▸ Source information
:::::

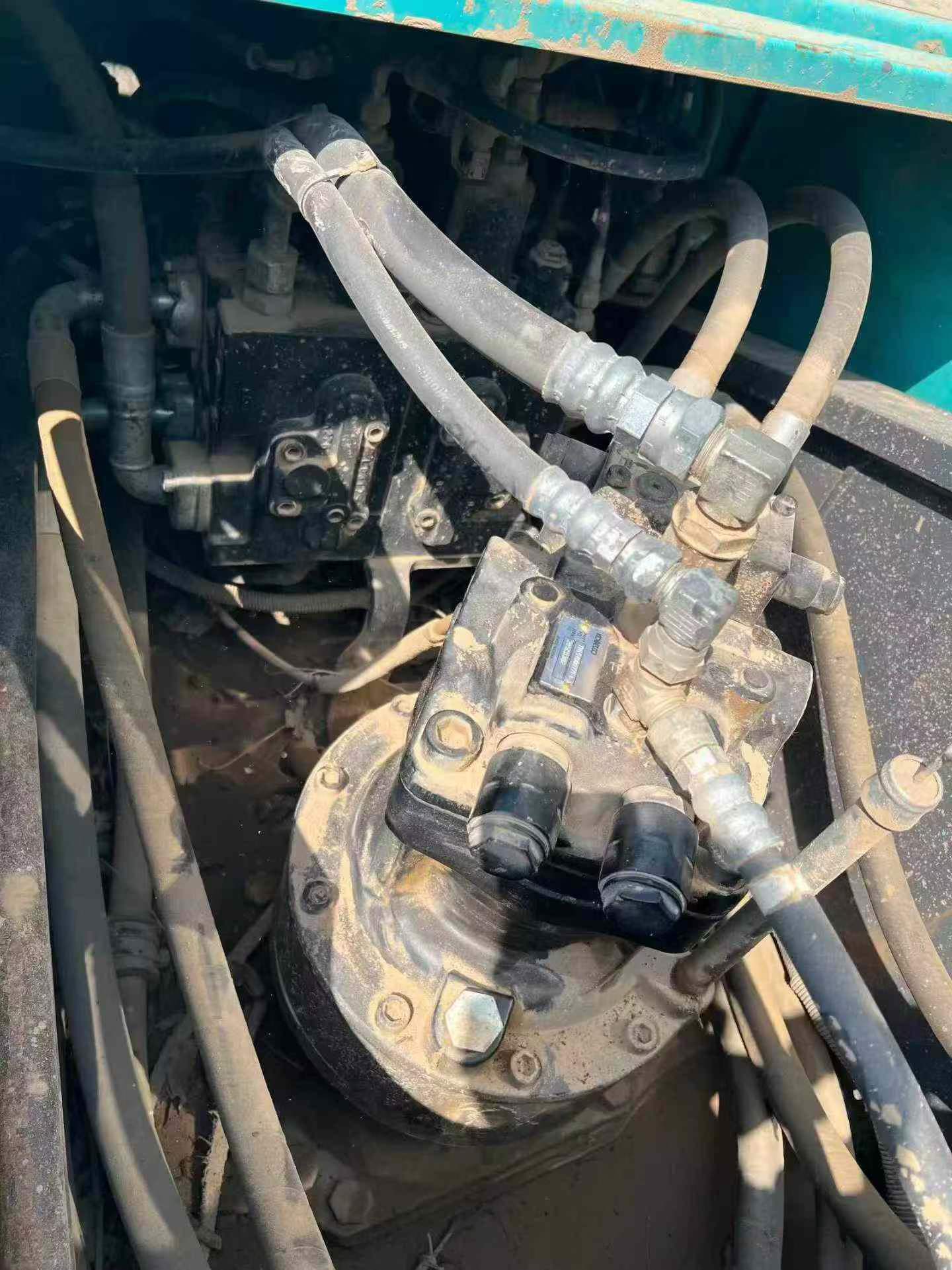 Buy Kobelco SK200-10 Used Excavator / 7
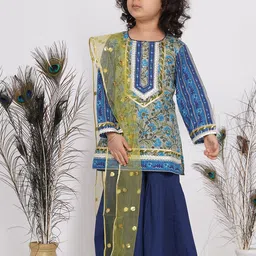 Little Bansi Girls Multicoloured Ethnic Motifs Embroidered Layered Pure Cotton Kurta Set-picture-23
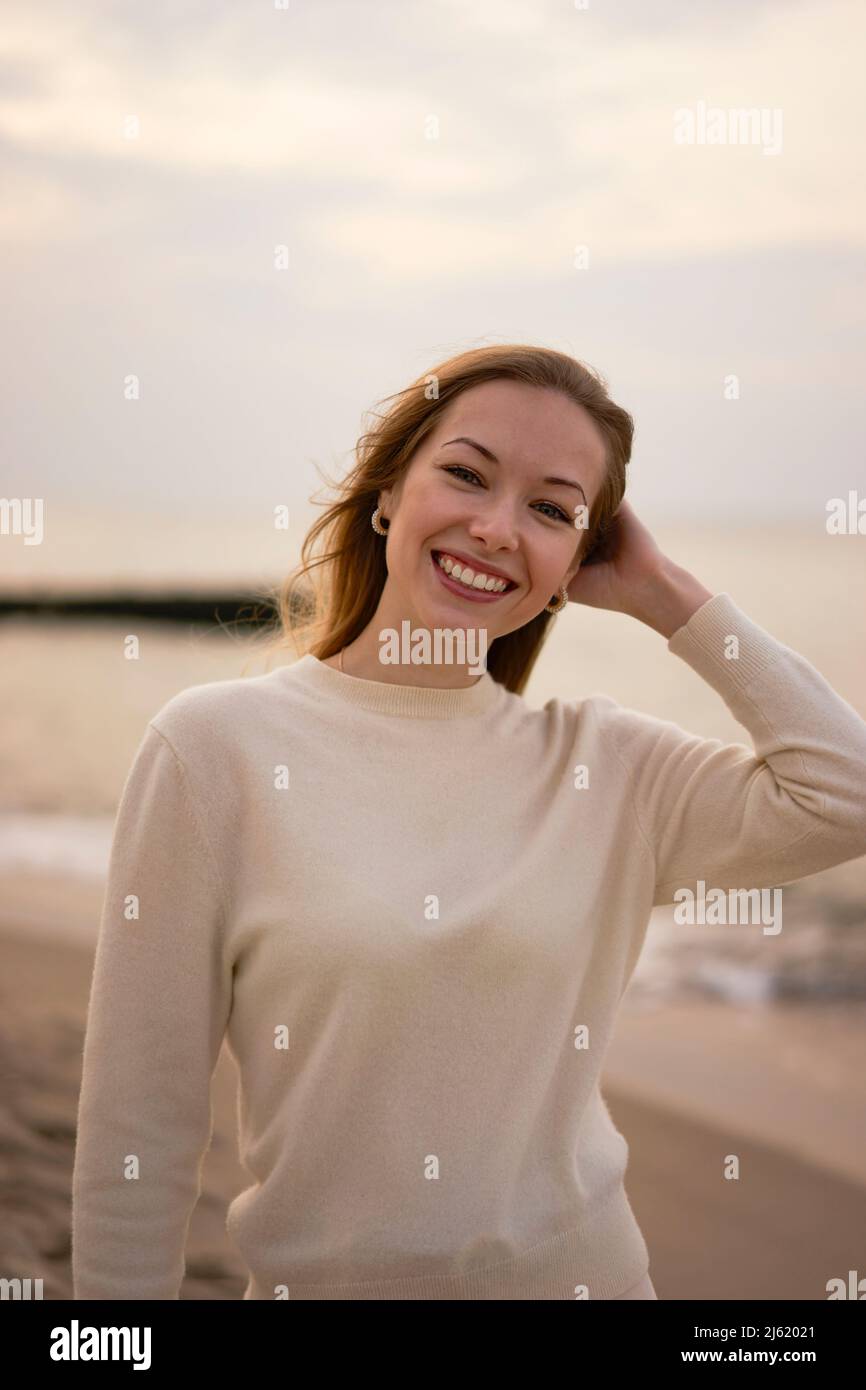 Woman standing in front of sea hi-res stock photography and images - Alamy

:::::

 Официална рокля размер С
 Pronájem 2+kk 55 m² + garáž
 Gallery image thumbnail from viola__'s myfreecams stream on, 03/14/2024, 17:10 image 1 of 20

:::::

▸ Work to complete
Set down exactly the lines of the data above, beginning with the line that has "Pronájem 2+kk 55 m² + garáž" and ending with the line that has "Gallery image thumbnail", and no others.

▸ Result below
 Pronájem 2+kk 55 m² + garáž
 Gallery image thumbnail from viola__'s myfreecams stream on, 03/14/2024, 17:10 image 1 of 20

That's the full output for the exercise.